### WORK REQUEST
Exact transcription of the following records is needed, with every picture dropped.

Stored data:
%%

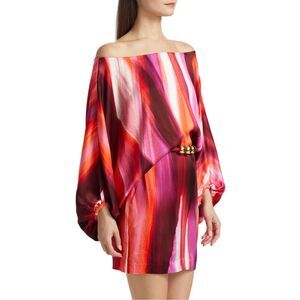 Silvia Tcherassi Manon Painted Off-the-Shoulder Minidress Size S $1290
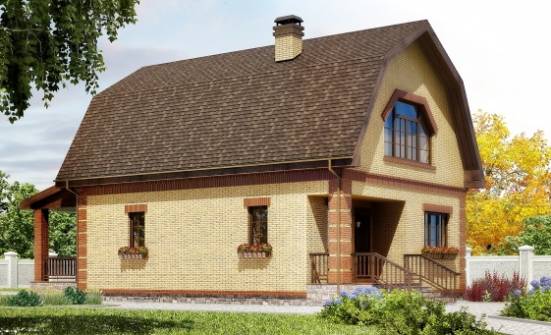 130-005-Л Проект двухэтажного дома мансардой, бюджетный домик из бризолита Прохладный | Проекты домов от House Expert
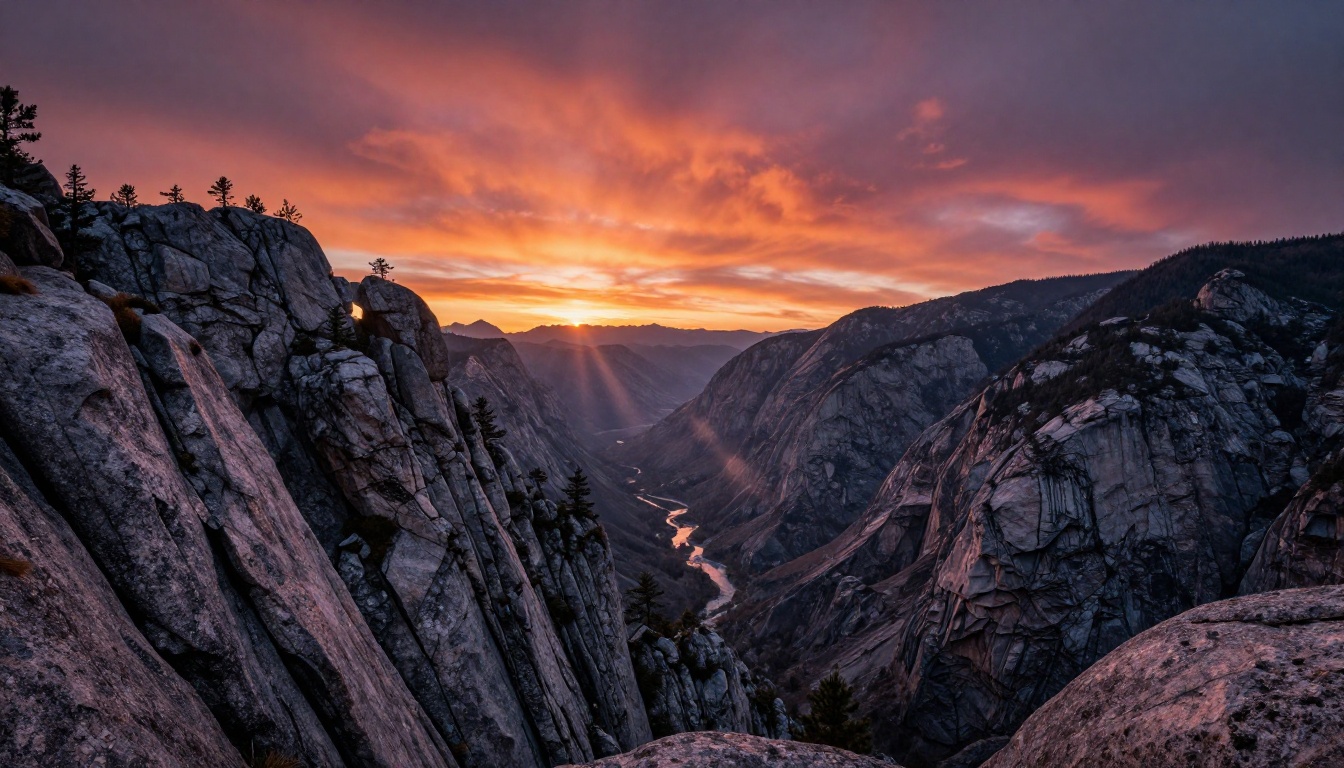 Dramatic mountain landscape at sunrise showing photorealistic atmosphere and detail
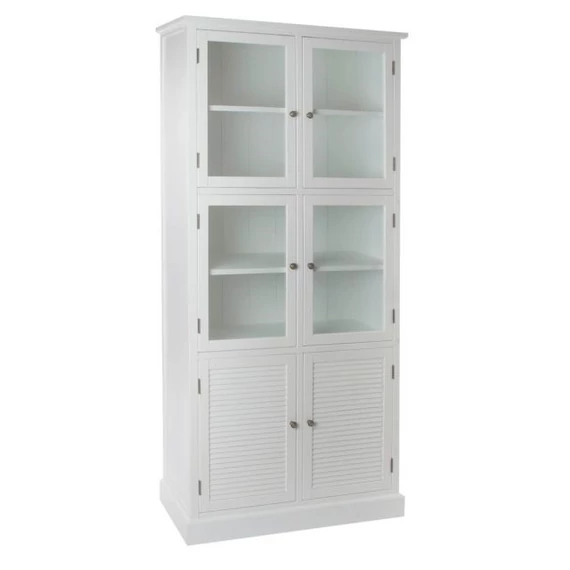 Vitrin fa, üveg 90x37x196 cm fehér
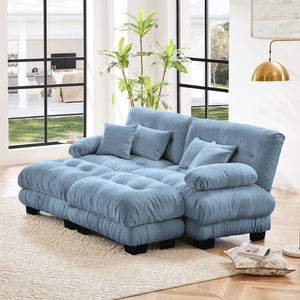 English Elm Cloud Comfort Sleeper Sofa - Elegant Chenille 2-Seater With Lumbar & Throw Pillows, 2 Ottomans W714S01081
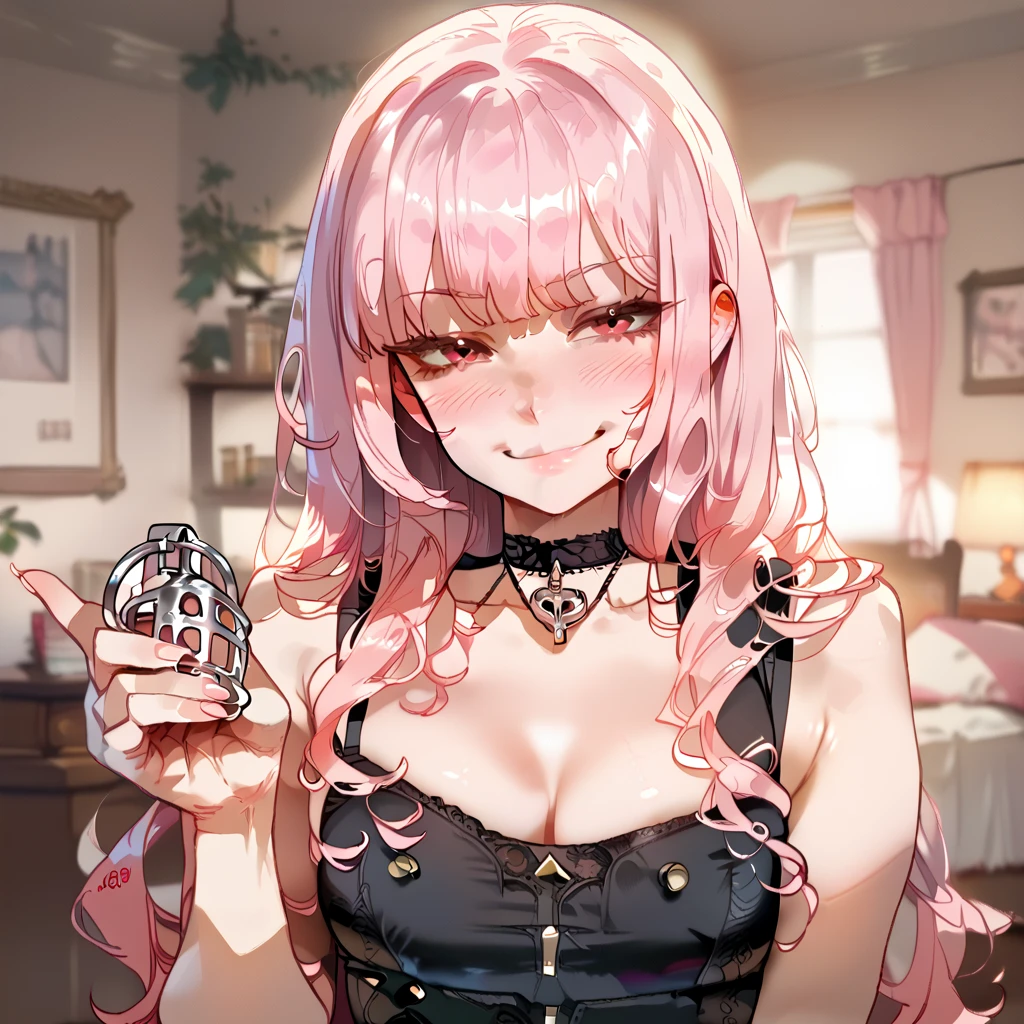 score_9, score_8_up,  highly detailed, 1girl, black skin girl, smirk , blush, ((holding chastity cage)),  choker,  moreaper, pink eyes, red eyes, pink hair, long hair, 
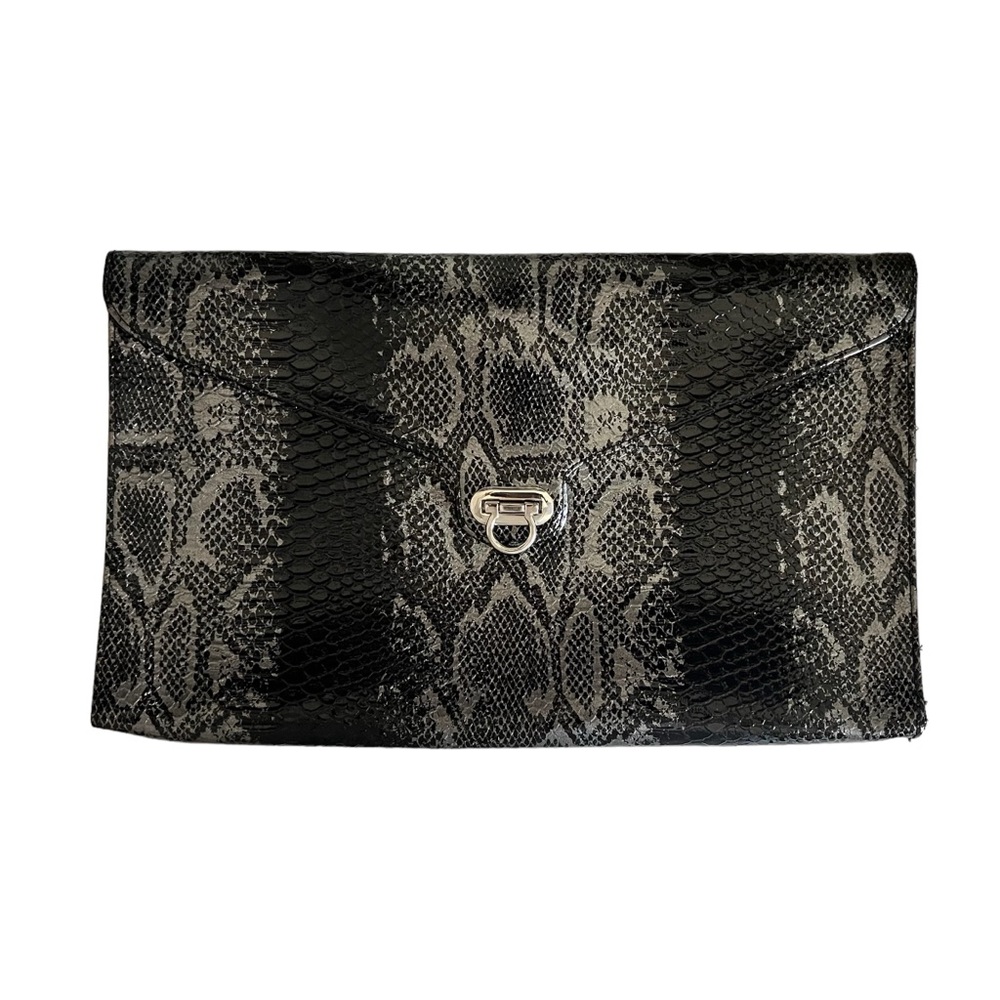Faux Large Glossy Black Snake Skin 9.5” x 16” Clutch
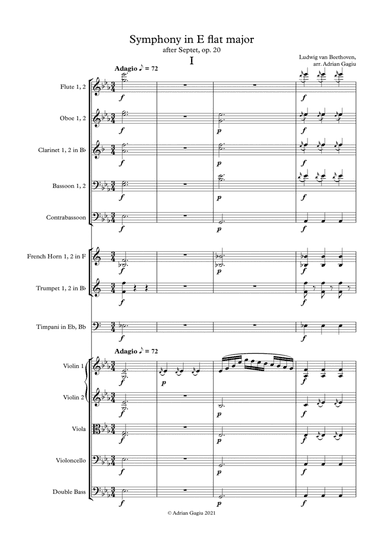 Symphony in E flat major, after Beethoven's Septet (arr. Adrian Gagiu)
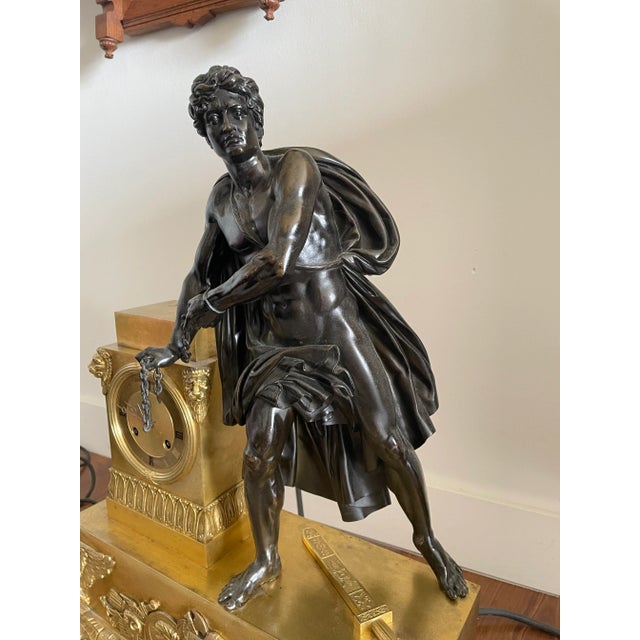 Gold French Monumental Sized Empire Mantel Clock Circa 1800 For Sale - Image 8 of 12
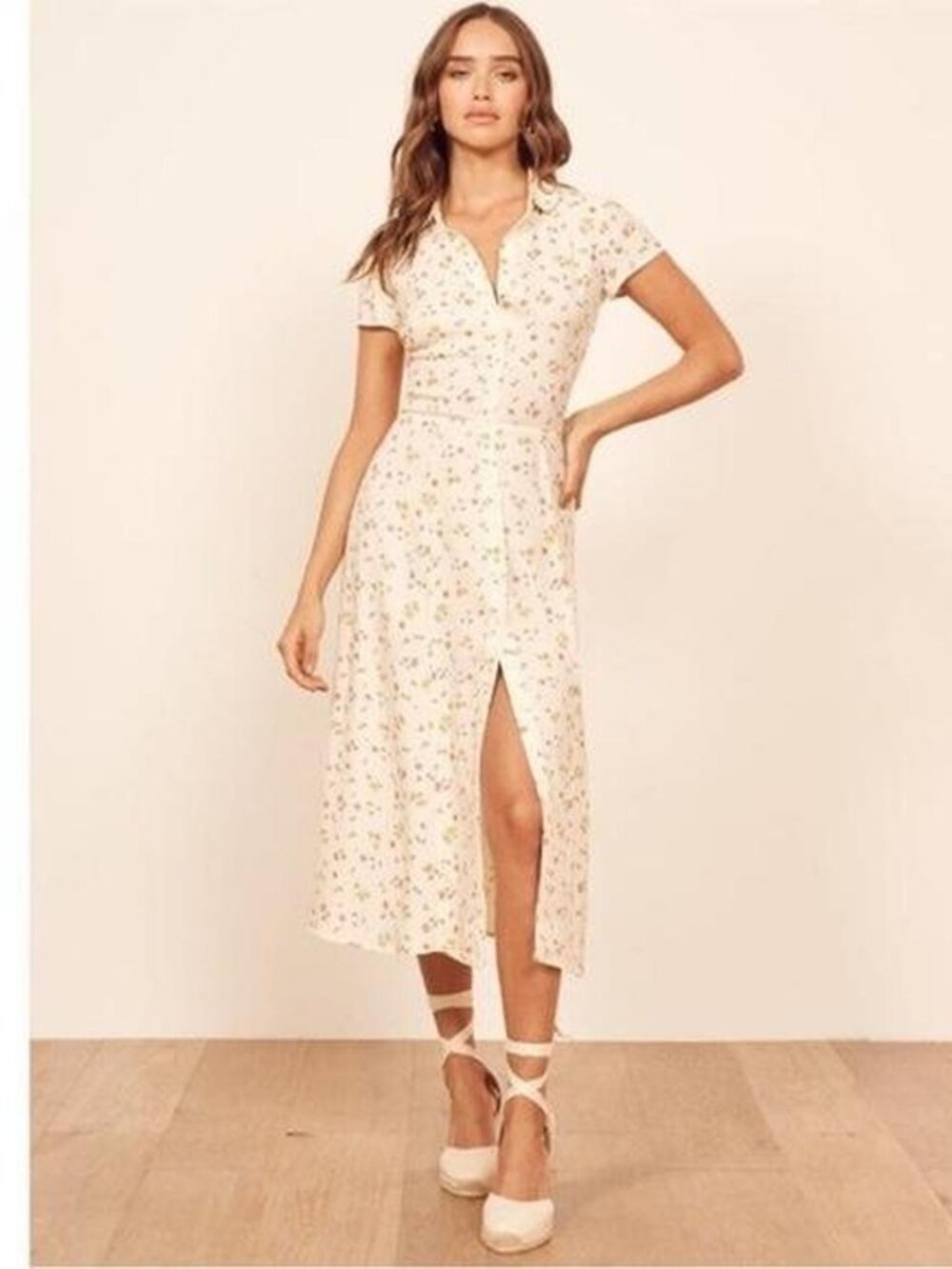 Reformation White Floral Midi Dress Small Print Size 0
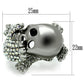 MA3W006 - Rhodium + Ruthenium White Metal Ring with Top Grade Crystal  in Aurora Borealis (Rainbow Effect)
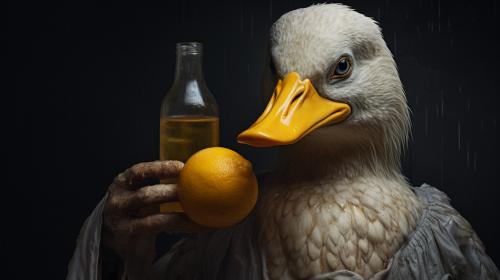 Scary duck holding a little lemon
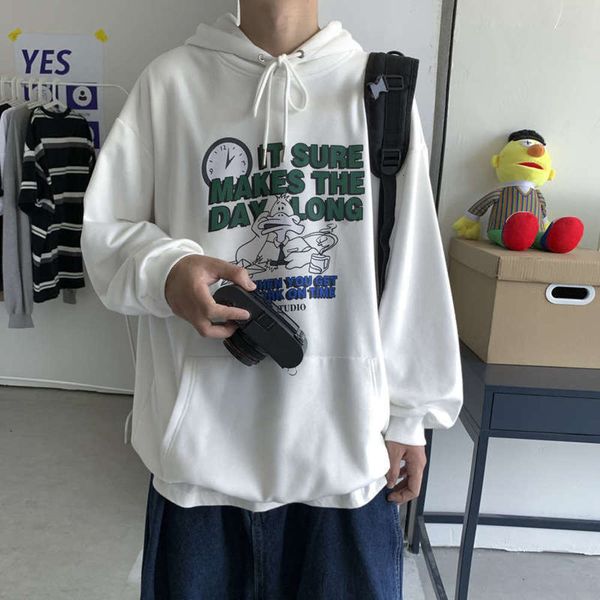 

pullover korean hooded fashion sweater men's loose and versatile spring autumn new sportswear casual hoodie coat, Gray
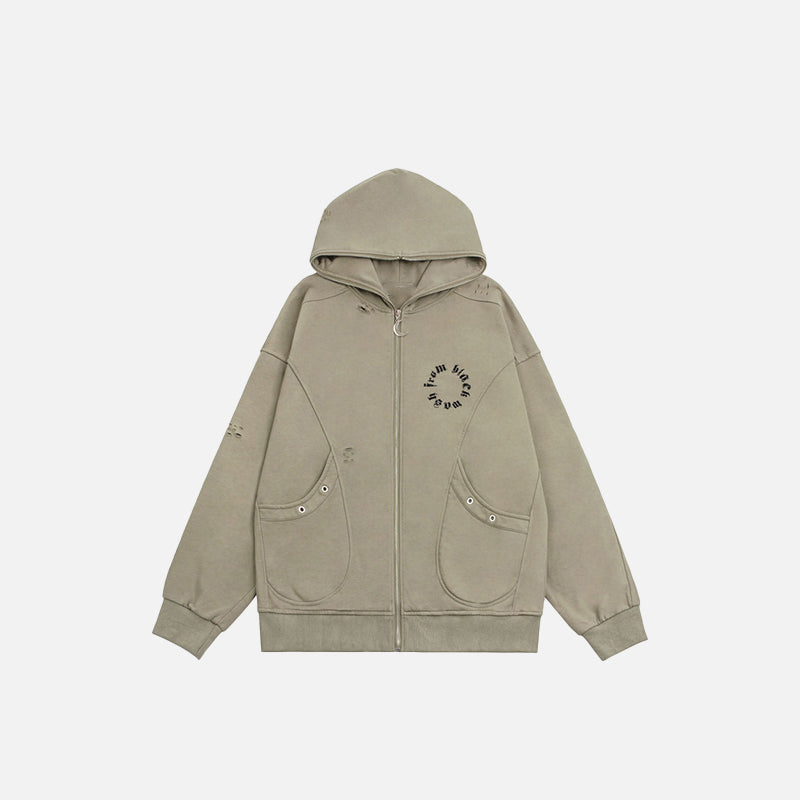 Vintage Moon Zip-up hoodie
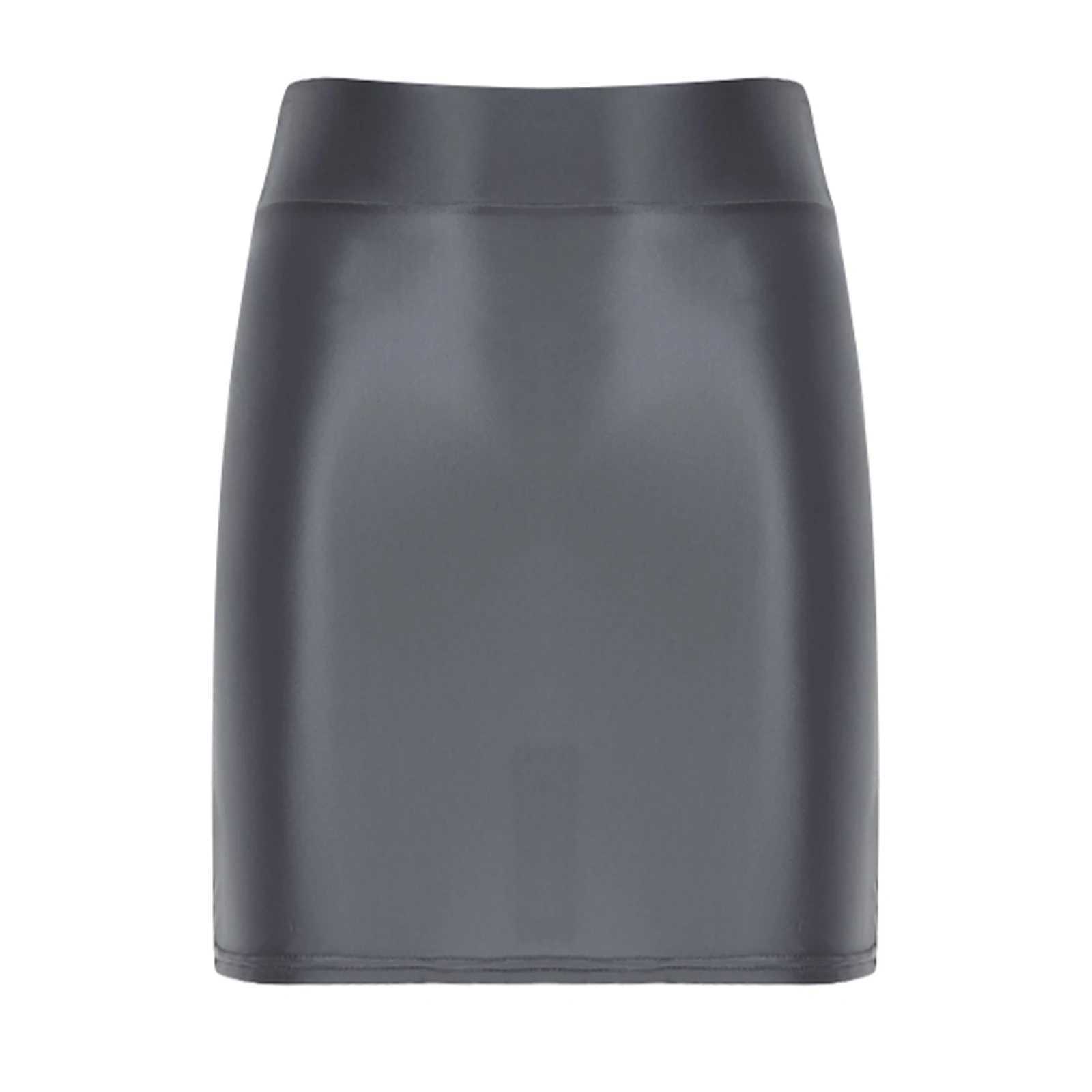 Womens Glossy Oil Solid Color Stretch Pencil Mini Skirt Casual High Waist Elastic Waistband Short Miniskirt Rave Party ClubwearXJ241221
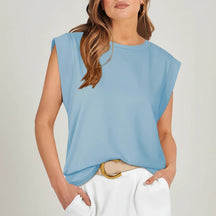 Regata Feminina Casual Sem Mangas Blusa de Verão de Ajuste Largo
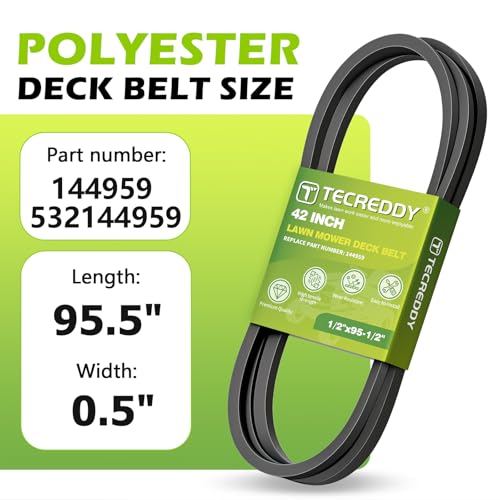144959 Mower Deck Belt for Craftsman 42 Inch 532144959 LT1000 LT2000 DLT3000 DYT4000 Husqvarna Poulan AYP Ariens Riding Lawn Mower, 1/2" X 95.5" - size: 95.5"L x 0.5"W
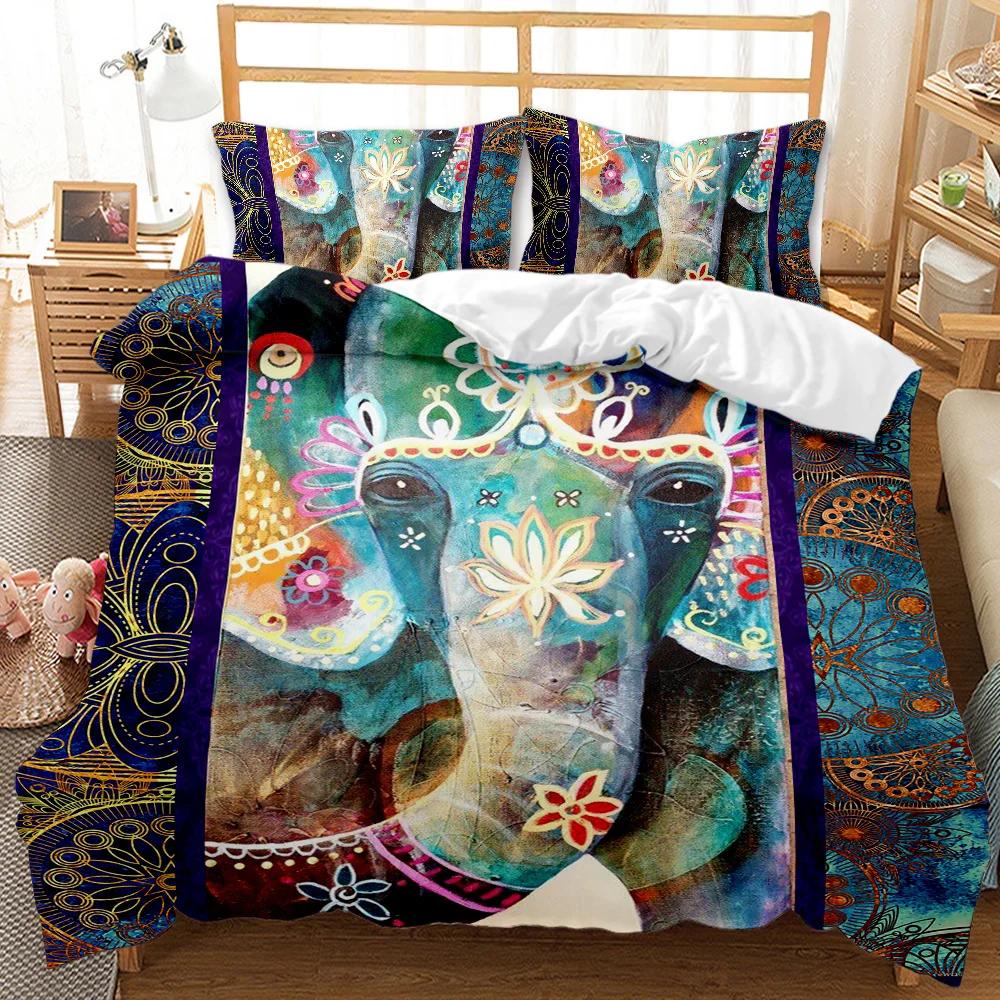Elephant Duvet Cover Set African Wildlife Animal Personalized Design Twin Comforter Cover Rainbow Elephant Polyester Qulit Cover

%%

### SOLUTION TO THIS PROBLEM
 Silvia Tcherassi Manon Painted Off-the-Shoulder Minidress Size S $1290
 130-005-Л Проект двухэтажного дома мансардой, бюджетный домик из бризолита Прохладный | Проекты домов от House Expert
 Dramatic mountain landscape at sunrise showing photorealistic atmosphere and detail
 Vitrin fa, üveg 90x37x196 cm fehér
 English Elm Cloud Comfort Sleeper Sofa - Elegant Chenille 2-Seater With Lumbar & Throw Pillows, 2 Ottomans W714S01081
 score_9, score_8_up,  highly detailed, 1girl, black skin girl, smirk , blush, ((holding chastity cage)),  choker,  moreaper, pink eyes, red eyes, pink hair, long hair, 
Faux Large Glossy Black Snake Skin 9.5” x 16” Clutch
 Symphony in E flat major, after Beethoven's Septet (arr. Adrian Gagiu)
 Gold French Monumental Sized Empire Mantel Clock Circa 1800 For Sale - Image 8 of 12
 Reformation White Floral Midi Dress Small Print Size 0
 MA3W006 - Rhodium + Ruthenium White Metal Ring with Top Grade Crystal  in Aurora Borealis (Rainbow Effect)
 Scary duck holding a little lemon

pullover korean hooded fashion sweater men's loose and versatile spring autumn new sportswear casual hoodie coat, Gray
 Vintage Moon Zip-up hoodie
 Womens Glossy Oil Solid Color Stretch Pencil Mini Skirt Casual High Waist Elastic Waistband Short Miniskirt Rave Party ClubwearXJ241221
 Regata Feminina Casual Sem Mangas Blusa de Verão de Ajuste Largo
144959 Mower Deck Belt for Craftsman 42 Inch 532144959 LT1000 LT2000 DLT3000 DYT4000 Husqvarna Poulan AYP Ariens Riding Lawn Mower, 1/2" X 95.5" - size: 95.5"L x 0.5"W
Elephant Duvet Cover Set African Wildlife Animal Personalized Design Twin Comforter Cover Rainbow Elephant Polyester Qulit Cover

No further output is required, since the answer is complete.